Water freezes at 0° C (32° F) and boils at 100° C (212° F) at sea level, right? Normally, yes. But researchers at MIT have found that, when contained inside the tiny cavities of carbon nanotubes, water can actually freeze solid at temperatures well above its usual boiling point. This finding may have applications in creating proton-conducting "ice wires".
Temperature alone isn't the sole factor in determining when water shifts between a solid, liquid and gas. As demonstrated in a Cody's Lab video, pressure plays a big part as well, allowing water to effectively be boiled until it freezes by lowering the pressure.
Water has also been known to behave strangely when it's confined to spaces on the scale of nanometers: earlier this year scientists at Oak Ridge National Lab discovered water has a freaky fourth state of matter when it's put under extreme pressure in these tiny spaces. And research as far back as the 1990s has observed water spontaneously vaporizing when it's tightly surrounded by hydrophobic materials – a phenomenon seen when scientists accidentally created nanorods that appear to harvest water from the air.
"If you confine a fluid to a nanocavity, you can actually distort its phase behavior," says Michael Strano, lead author of the study. "The effect is much greater than anyone had anticipated."

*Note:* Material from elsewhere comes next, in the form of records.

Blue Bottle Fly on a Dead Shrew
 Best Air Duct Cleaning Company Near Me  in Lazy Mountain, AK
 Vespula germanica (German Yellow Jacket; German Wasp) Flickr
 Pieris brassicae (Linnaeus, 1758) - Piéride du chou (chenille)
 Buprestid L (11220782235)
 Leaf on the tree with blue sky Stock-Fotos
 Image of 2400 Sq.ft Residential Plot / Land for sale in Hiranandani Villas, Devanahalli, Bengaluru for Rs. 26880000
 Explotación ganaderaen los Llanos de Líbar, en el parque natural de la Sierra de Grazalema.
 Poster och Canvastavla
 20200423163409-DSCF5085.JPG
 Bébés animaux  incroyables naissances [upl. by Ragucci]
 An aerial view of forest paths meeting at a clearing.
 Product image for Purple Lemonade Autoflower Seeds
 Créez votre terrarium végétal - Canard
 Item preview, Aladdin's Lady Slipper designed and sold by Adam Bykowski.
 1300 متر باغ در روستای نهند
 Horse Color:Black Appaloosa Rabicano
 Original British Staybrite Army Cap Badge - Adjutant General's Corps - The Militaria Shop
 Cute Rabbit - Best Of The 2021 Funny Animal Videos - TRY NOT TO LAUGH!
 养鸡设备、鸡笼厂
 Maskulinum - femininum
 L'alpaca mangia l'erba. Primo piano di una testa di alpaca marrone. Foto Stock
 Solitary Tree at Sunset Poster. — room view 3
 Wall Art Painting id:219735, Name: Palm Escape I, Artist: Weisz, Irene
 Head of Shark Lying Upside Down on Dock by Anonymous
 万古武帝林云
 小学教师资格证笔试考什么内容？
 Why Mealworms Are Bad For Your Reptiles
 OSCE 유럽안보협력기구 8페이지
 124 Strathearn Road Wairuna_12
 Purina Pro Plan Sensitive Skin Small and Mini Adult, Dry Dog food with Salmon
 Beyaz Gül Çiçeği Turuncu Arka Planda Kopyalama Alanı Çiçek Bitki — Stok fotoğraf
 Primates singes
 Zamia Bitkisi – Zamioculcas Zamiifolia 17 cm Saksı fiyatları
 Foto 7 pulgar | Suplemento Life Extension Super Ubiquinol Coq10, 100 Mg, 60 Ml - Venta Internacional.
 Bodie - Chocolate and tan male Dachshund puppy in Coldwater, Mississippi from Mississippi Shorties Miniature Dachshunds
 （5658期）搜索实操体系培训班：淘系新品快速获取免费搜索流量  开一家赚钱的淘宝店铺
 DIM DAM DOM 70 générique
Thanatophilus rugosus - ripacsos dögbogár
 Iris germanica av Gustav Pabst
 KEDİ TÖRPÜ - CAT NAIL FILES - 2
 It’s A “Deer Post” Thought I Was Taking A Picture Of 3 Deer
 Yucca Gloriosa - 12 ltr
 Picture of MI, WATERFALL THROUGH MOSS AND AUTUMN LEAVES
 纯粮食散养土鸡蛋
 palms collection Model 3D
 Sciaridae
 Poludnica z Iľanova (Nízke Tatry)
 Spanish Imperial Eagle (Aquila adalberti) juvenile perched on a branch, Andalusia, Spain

The researchers expected to see changes in the temperature at which water boils and freezes, but were still surprised by the results. The changes were far more pronounced than they'd anticipated, and in the other direction – the freezing point increased instead of lowering. In one test, water froze in a nanotube at a temperature of between 105° C and 151° C (221° F and 304° F).
This caught the team off-guard partly because earlier simulations suggested very different outcomes. These false findings were likely the result of imprecise measurements, which can be really difficult to get right at such tiny scales and yet cause very drastic differences. The researchers found, for instance, that changing the diameter of a nanotube by as little as 0.01 nanometers could alter the freezing point of water by dozens of degrees.
"All bets are off when you get really small," says Strano. "It's really an unexplored space."
To study this, the team placed reservoirs of water at both ends of carbon nanotubes, which were left open. How the water actually got inside them is still a bit of a mystery, given that nanotubes are generally thought to repel water, but it found a way.
Then, using vibrational spectroscopy, the team was able to track not only the movement of water within a nanotube, but whether it's in a solid, liquid or vapor phase. And while the water does solidify, that doesn't necessarily mean it's ice, because the team hasn't yet been able to confirm that it contains the usual crystalline structure of ice.
So what can we do with this strange material? Since this solid water stays stable at room temperature, the researchers suggest a type of "ice wire" may be developed, which could conduct protons 10 times better than existing materials.
The research was published in the journal Nature Nanotechnology.